Work to complete: Go to the line holding "Roleta Art Shade" in the entries below and write out exactly every line down to and including the line holding "Tibetan Style Alloy".

Input for this task:
+---+

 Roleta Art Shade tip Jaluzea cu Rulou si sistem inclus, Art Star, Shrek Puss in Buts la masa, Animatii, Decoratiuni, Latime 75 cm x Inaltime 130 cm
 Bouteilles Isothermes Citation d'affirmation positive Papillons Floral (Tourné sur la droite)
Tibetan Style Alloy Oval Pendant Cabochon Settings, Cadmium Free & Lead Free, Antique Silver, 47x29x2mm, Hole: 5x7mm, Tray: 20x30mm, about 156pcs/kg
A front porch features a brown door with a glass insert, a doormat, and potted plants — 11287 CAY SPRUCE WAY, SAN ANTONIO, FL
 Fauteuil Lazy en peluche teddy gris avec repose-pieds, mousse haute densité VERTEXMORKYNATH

+---+

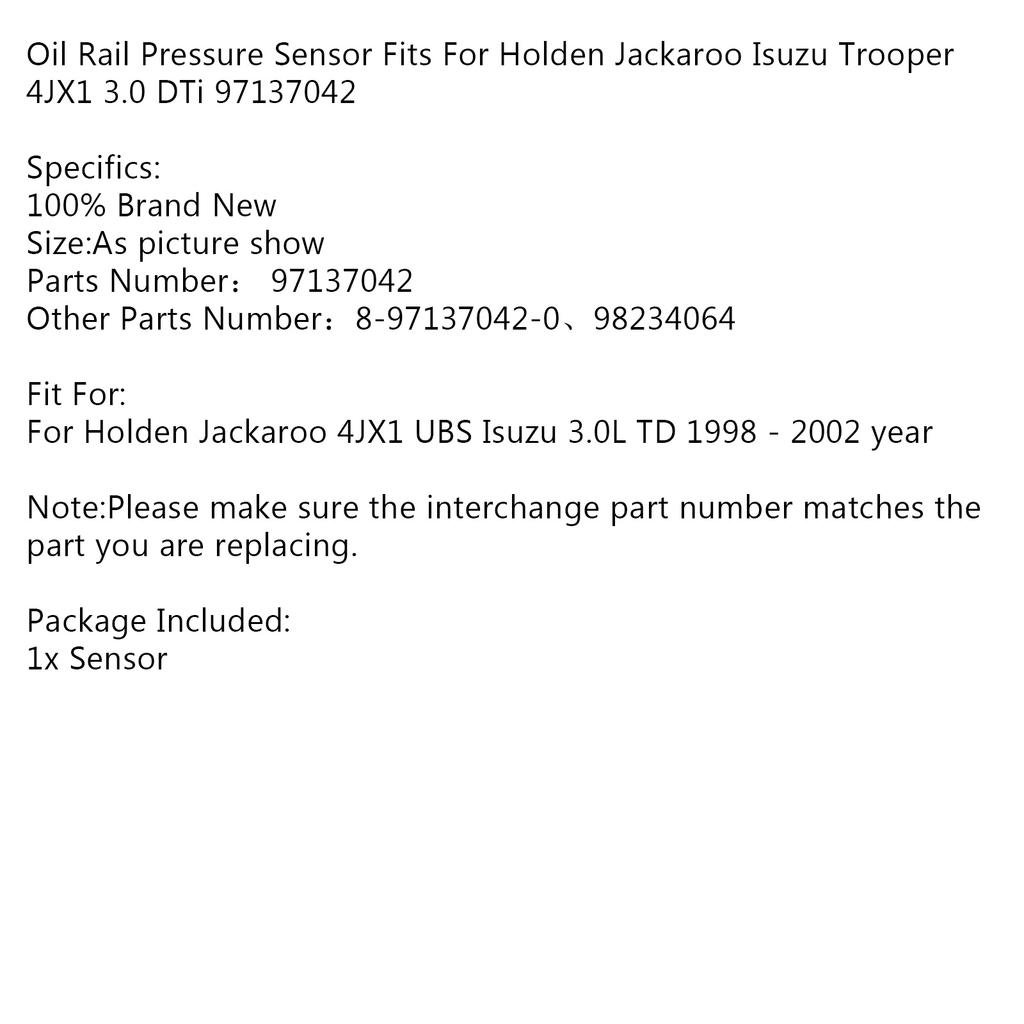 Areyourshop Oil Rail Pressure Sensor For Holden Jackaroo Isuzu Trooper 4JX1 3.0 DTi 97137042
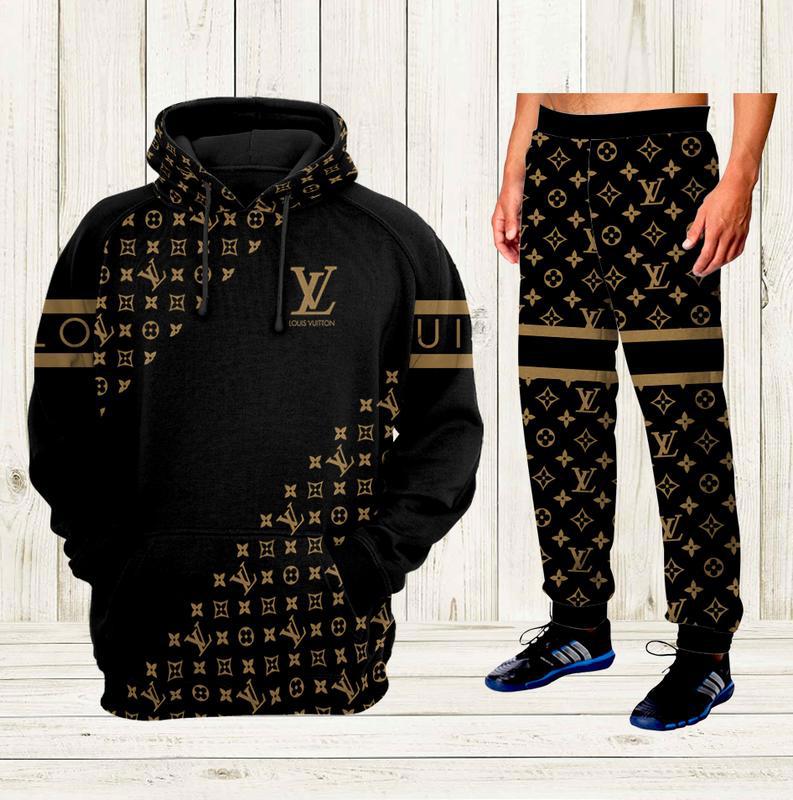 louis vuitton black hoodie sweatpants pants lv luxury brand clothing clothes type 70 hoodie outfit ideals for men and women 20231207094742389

+---+

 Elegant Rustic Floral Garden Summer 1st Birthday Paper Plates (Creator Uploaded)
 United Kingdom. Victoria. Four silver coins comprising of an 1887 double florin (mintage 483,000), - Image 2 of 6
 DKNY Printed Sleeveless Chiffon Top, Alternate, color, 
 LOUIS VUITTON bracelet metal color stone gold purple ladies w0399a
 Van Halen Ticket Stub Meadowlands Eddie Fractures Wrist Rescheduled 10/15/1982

+---+

Exercise answer:
 Roleta Art Shade tip Jaluzea cu Rulou si sistem inclus, Art Star, Shrek Puss in Buts la masa, Animatii, Decoratiuni, Latime 75 cm x Inaltime 130 cm
 Bouteilles Isothermes Citation d'affirmation positive Papillons Floral (Tourné sur la droite)
Tibetan Style Alloy Oval Pendant Cabochon Settings, Cadmium Free & Lead Free, Antique Silver, 47x29x2mm, Hole: 5x7mm, Tray: 20x30mm, about 156pcs/kg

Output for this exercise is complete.